There was no significant difference in the clinical pregnancy rate of fresh embryo transfer among the three groups, but the live birth rate of PCOS phenotype A was significantly lower than that of single polycystic ovary. The biochemical pregnancy rate of phenotype A was significantly higher than that of the single polycystic ovary group. This also indicates that the low live birth rate of PCOS might not be due to embryo quality but to endometrial receptivity. It was found that estradiol, progestin and endometrial thickness of PCOS phenotype A on trigger day were significantly lower than in the case of single polycystic ovary. The endometrium is a dynamic tissue that undergoes cycles of growth, remodeling, and shrinkage steered by variations in the levels of estradiol and progestin [23]. Although the ovary is known to produce numerous steroids throughout the menstrual cycle, only estradiol and progestin have been shown to be necessary for the induction of endometrial receptivity [24, 25]. The role of Rab-mediated intracellular transport modulated by estradiol and progestin is important in endometrial receptivity [23].

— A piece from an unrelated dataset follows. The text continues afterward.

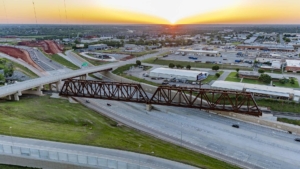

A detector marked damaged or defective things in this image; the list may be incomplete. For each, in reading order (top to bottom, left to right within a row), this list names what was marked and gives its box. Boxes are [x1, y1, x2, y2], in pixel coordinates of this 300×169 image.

rusty truss girder [59, 79, 262, 116]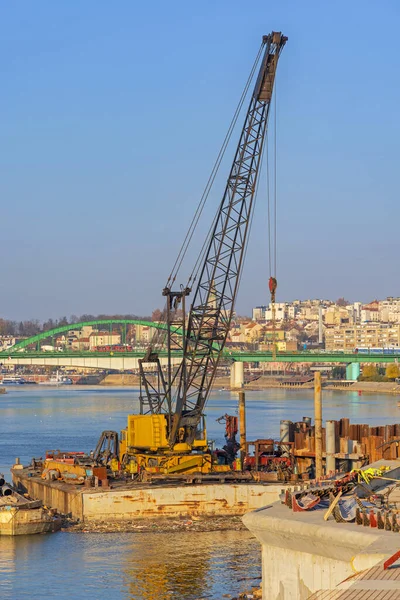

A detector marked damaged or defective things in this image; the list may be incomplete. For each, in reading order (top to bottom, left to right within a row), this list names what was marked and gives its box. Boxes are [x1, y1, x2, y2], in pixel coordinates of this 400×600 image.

rusty barge hull [10, 466, 282, 524]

This study also compared the clinical data between live births and non-live births in fresh cycles. Interestingly, women with live births had similar estradiol levels between the phenotype A and the single polycystic ovary. However, women with live birth had a higher estradiol on the hCG day in the phenotype A vs. a lower estradiol in the single polycystic ovary. In multivariate logistic regression analysis, after adjusting for female age, BMI, HOMA-IR, AFC, endometrial thickness, FSH, LH on the hCG days, and estradiol on the hCG day were significant independent factors predicting live birth in fresh ET for women with phenotype A (OR = 1.000, 95% CI: 1.000–1.001, p = 0.034) and single polycystic ovary (OR = 1.000, 95% CI: 0.999–1.000, p = 0.013). Low levels of estradiol may be the reason for the reduced live birth rates owing to significant reduction of total Gn dose, Gn duration and FORT as a result of low incidence of OHSS in phenotype A.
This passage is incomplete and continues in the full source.